:: Problem details ::
All lines from the one that contains "You can notice" to the end of the data must be retyped exactly. Pictures are not retyped.

:: Data shown ::
┌──
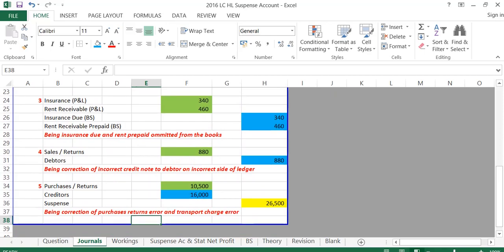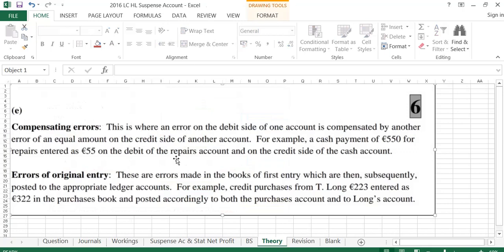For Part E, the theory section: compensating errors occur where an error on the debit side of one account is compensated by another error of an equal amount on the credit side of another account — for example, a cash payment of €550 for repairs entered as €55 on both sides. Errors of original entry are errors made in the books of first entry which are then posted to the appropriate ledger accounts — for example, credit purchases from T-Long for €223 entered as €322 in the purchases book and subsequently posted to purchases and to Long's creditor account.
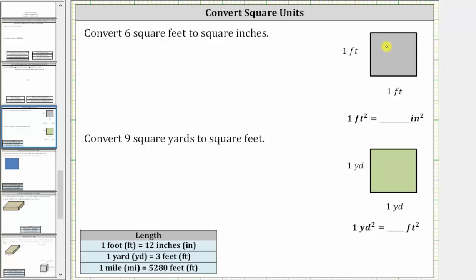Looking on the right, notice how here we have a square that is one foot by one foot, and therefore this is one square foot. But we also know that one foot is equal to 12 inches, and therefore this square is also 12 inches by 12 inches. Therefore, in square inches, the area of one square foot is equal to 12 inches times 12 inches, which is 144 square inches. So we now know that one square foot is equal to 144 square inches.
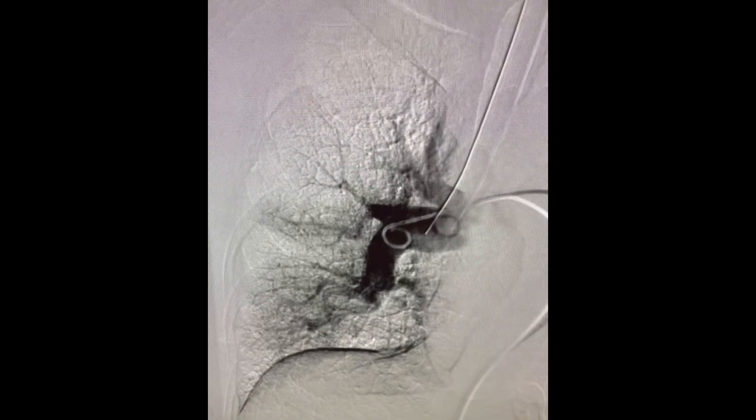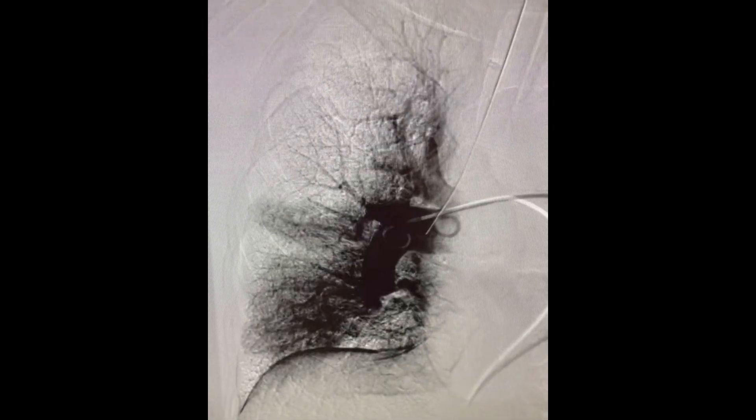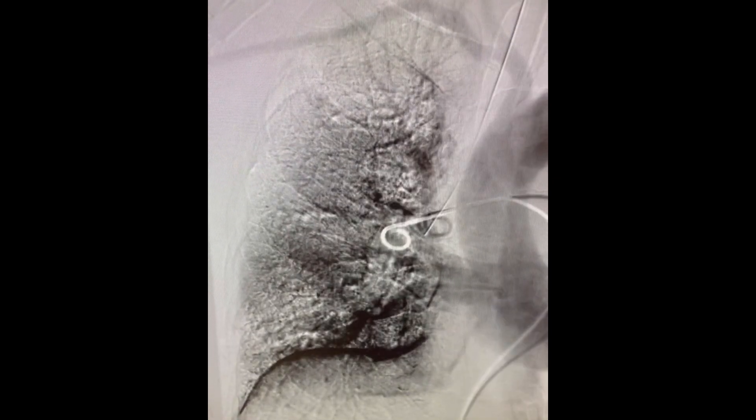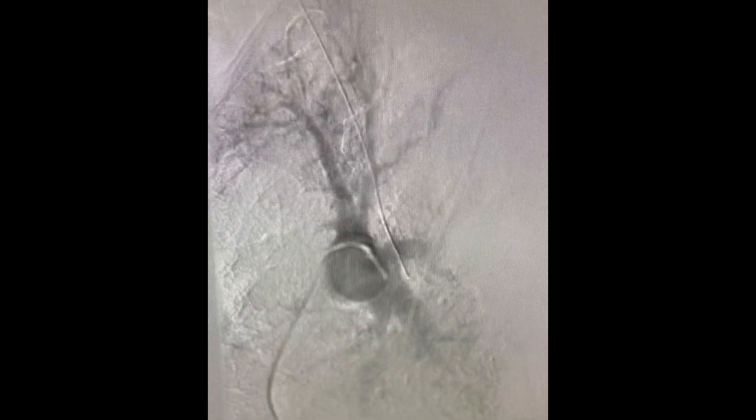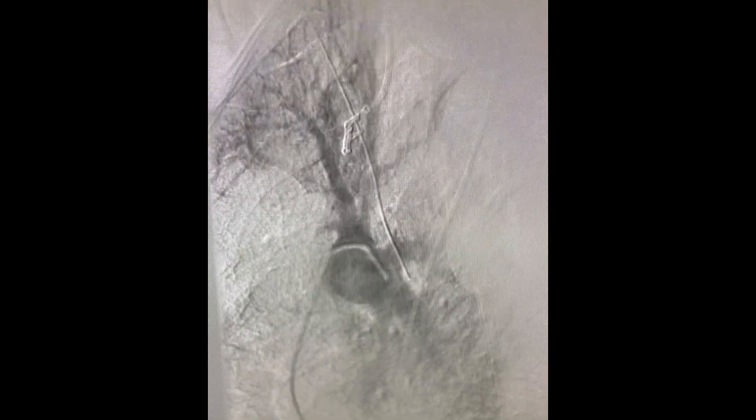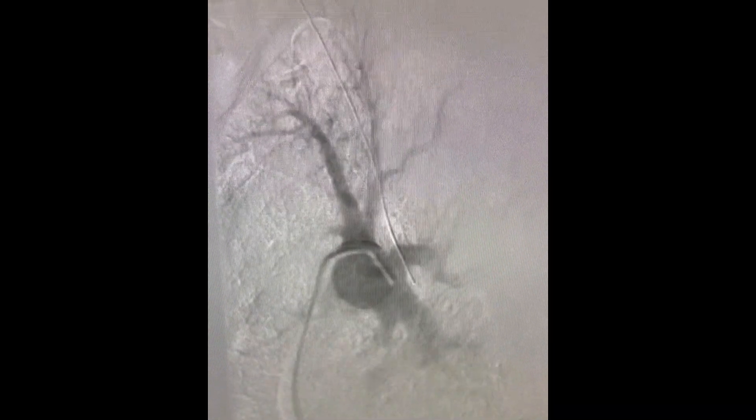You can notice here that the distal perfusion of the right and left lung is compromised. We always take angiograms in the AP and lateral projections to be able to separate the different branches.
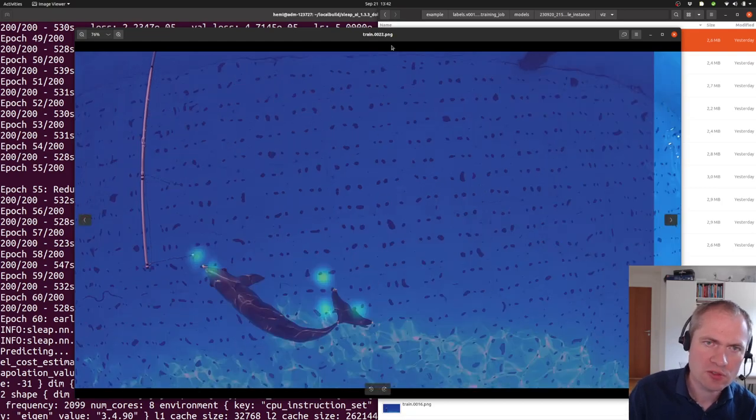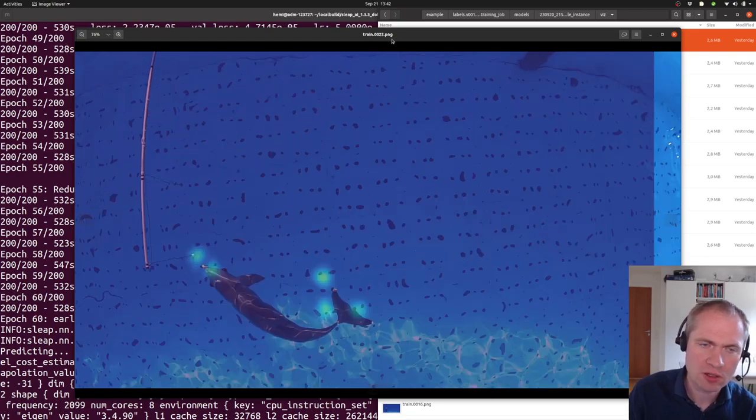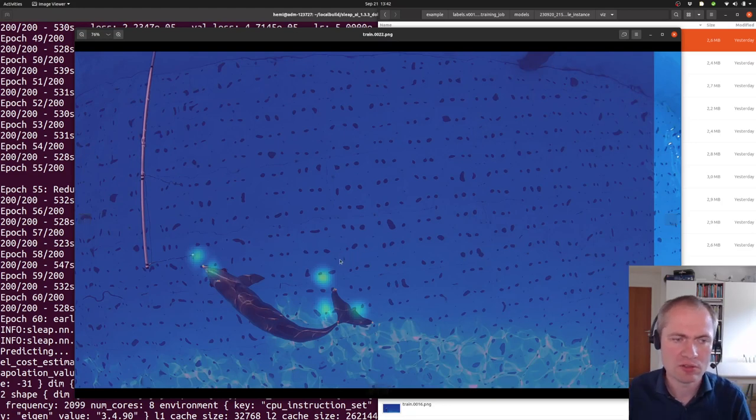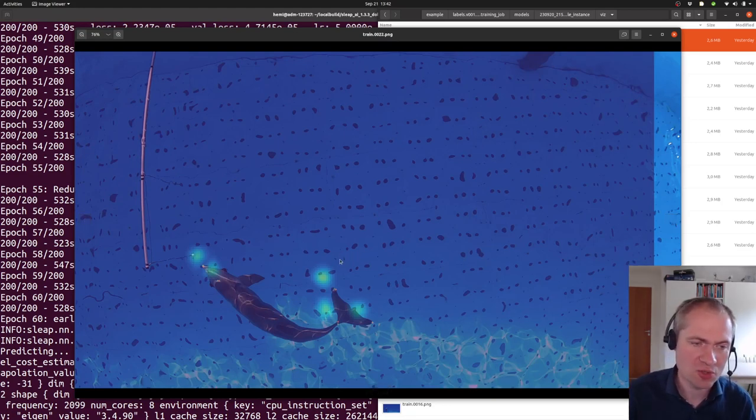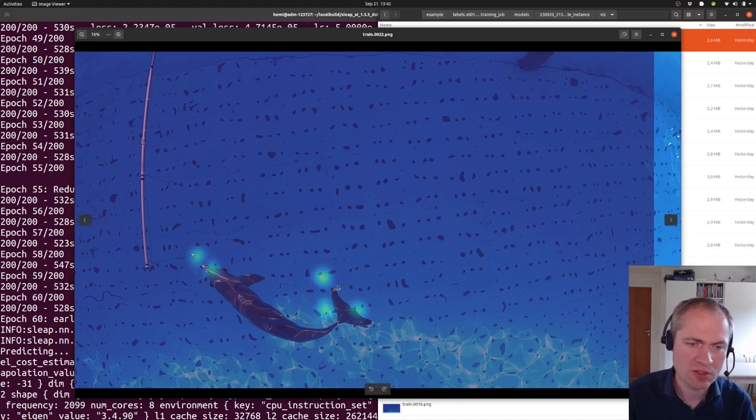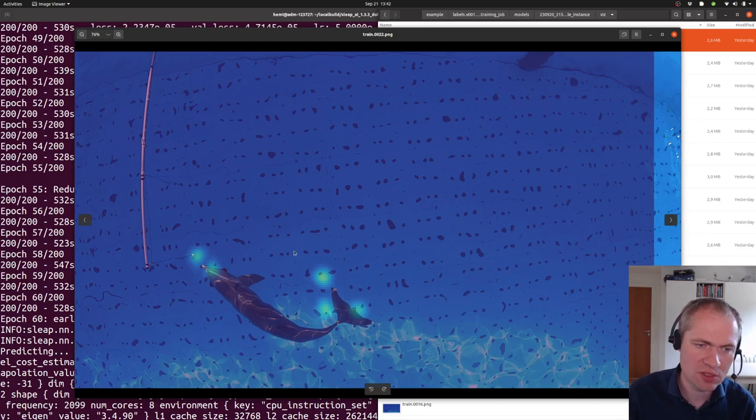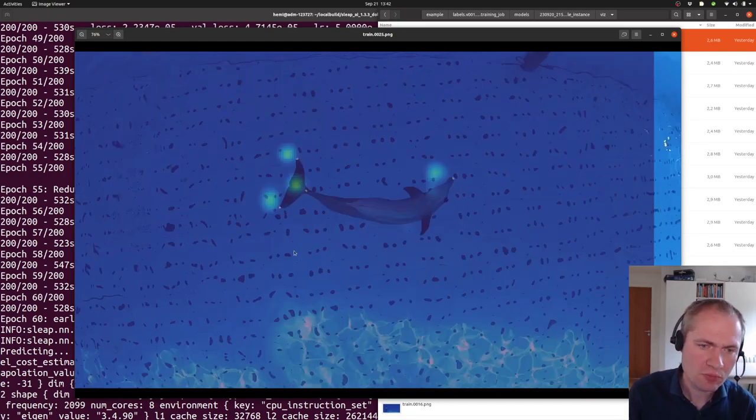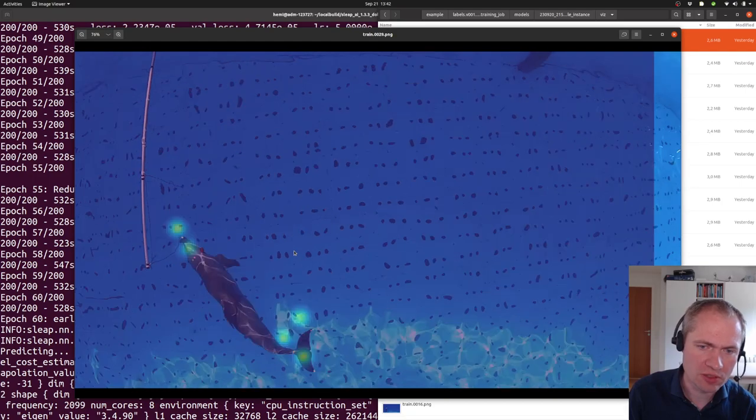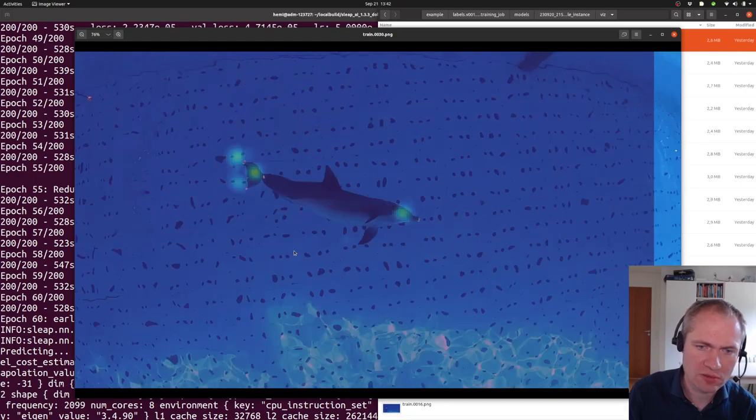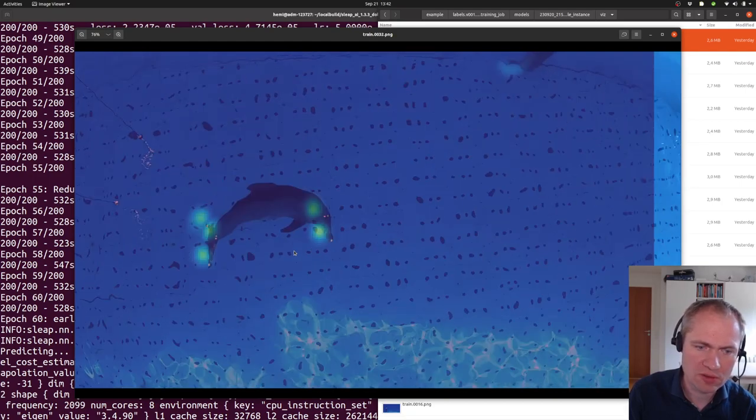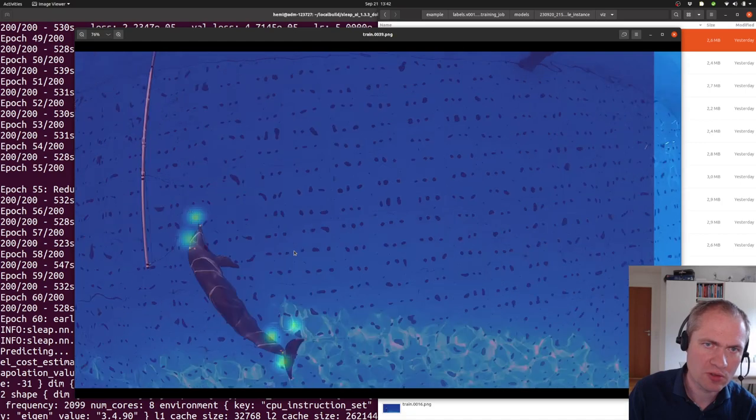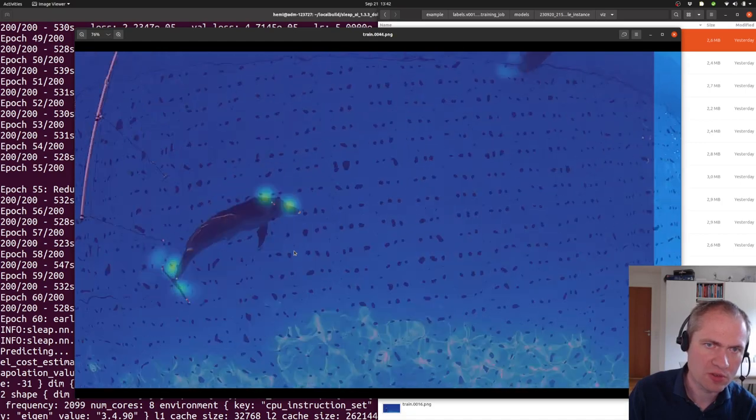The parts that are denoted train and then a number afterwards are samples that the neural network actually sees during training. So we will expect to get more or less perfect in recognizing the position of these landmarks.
└──
:: Problem solution ::
You can notice here that the distal perfusion of the right and left lung is compromised. We always take angiograms in the AP and lateral projections to be able to separate the different branches.
The parts that are denoted train and then a number afterwards are samples that the neural network actually sees during training. So we will expect to get more or less perfect in recognizing the position of these landmarks.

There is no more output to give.